Souvent considéré comme une prise secondaire, anecdotique, le chevesne ne bénéficie pas de tout le florilège marketing dont peuvent bénéficier d’autres espèces carnassières. Pourtant, la pêche du chevesne est peut-être la pêche la plus accessible à tous, pouvant être pratiquée sur l’intégralité du territoire métropolitain, du lac immense à la minuscule rivière.
Au-delà du côté ludique, la pêche du chub en sight fishing (terminologie anglophone pour la « pêche à vue ») et au leurre est une école au sein de laquelle on saisit au cours des années toute sa subtilité. Cette approche est même celle qui permet le plus, à force d’assimilation, de progresser dans toutes les autres pêches aux leurres. Si vous souhaitez vous initier à la pêche aux leurres et que vous n’avez pas des années de pêche des poissons blancs derrière vous, il n’est jamais trop tard pour commencer à consacrer un temps conséquent à cette fabuleuse pêche !
Une pêche qui développe ses sens
Comme pour toutes les autres approches, il y a pêche du chevesne et pêche du chevesne. On ne parle pas d’ici de quelques poissons que l’on attrapera en pêchant la truite ou la perche, un peu par hasard, sur un crank ou un minnow. Il s’agit en effet de redonner sa vraie et noble place de poisson de sport que le chevesne mérite en ne pêchant tout bonnement que lui et en cherchant à en prendre le plus possible. C’est là une des clés pour progresser aussi rapidement que possible. Ainsi dans notre approche de pêche à vue, seuls les poissons observés seront pêchés, résumant la session de quelques heures à seulement quelques lancers comme on pourrait le faire sur un schéma de pêche en nymphe à vue de la truite par exemple.

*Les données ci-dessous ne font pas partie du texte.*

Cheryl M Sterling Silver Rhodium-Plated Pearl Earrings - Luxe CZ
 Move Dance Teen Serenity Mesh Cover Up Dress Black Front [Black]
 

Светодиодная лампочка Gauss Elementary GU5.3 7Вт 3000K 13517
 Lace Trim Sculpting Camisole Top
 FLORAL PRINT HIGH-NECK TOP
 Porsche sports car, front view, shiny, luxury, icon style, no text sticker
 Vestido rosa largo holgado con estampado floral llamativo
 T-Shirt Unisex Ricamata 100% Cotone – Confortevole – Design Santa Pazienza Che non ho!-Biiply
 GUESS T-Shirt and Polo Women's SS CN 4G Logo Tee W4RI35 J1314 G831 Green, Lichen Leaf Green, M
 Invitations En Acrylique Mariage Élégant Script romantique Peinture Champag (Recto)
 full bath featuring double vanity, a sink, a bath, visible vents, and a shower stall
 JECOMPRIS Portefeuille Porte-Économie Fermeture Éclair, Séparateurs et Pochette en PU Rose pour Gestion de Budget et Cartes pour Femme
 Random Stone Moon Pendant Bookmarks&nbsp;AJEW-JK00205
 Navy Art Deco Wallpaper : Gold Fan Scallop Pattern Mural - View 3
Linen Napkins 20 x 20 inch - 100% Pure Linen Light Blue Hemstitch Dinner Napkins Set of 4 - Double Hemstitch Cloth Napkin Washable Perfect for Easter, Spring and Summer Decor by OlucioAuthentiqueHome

Il est difficile de se lasser de cette pêche et même après la capture de plusieurs centaines de poissons années après années, c’est une approche que l’on aura du mal à délaisser tellement elle continue de nous apporter encore et encore. Nous parlions plus haut de « n’attaquer » que des poissons vus, avec l’expérience on peut même arriver à un niveau où après examen du comportement du poisson en surface, on peut établir un pourcentage de chance que le poisson se saisisse de notre leurre ou pas. C’est bien là tout l’intérêt de cette pêche, tout est visible : les humeurs, les refus, les fuites, les attaques… et il n’y a rien de plus instructif pour progresser que d’observer la vérité plutôt que de la supposer.
La pêche du chevesne en sight fishing a également cela d’intéressant qu’elle peut être pratiquée de façon très brève, sans préparatif, dans des milieux urbains comme depuis des structures dominant l’eau. Elle redonne place à nos sens de prédateurs s’approchant lentement de leur proie, habillé en conséquence pour se fondre dans le décor. Qu’il est agréable de capturer deux poissons en deux lancers pendant la pause de midi avant de retourner travailler !
Capricieux et provocateur chevaine
Bien que cette pêche soit une des plus abordable au plus grand nombre, il ne faut pas penser que poisson vu = poisson pris, comme pour toutes les autres espèces, le chevesne a ses humeurs. Parfois solitaire, parfois grégaire, son comportement évolue au fil des saisons. Il est généralement possible d’observer des chevesnes se faisant dorer la pilule au soleil du mois d’Avril à Octobre en première comme en seconde catégorie.
Ce poisson, comme pour toutes les autres espèces de cyprinidés ou de carnassiers, sera beaucoup moins timoré en eaux vives qu’en eau morte et il sera davantage aisé d’en prendre dans des courants où il a tendance à moins cogiter et pardonner vos écarts, que dans une eau morte de type canal, où la moindre erreur de votre part sera sanctionnée par une fuite ou un refus.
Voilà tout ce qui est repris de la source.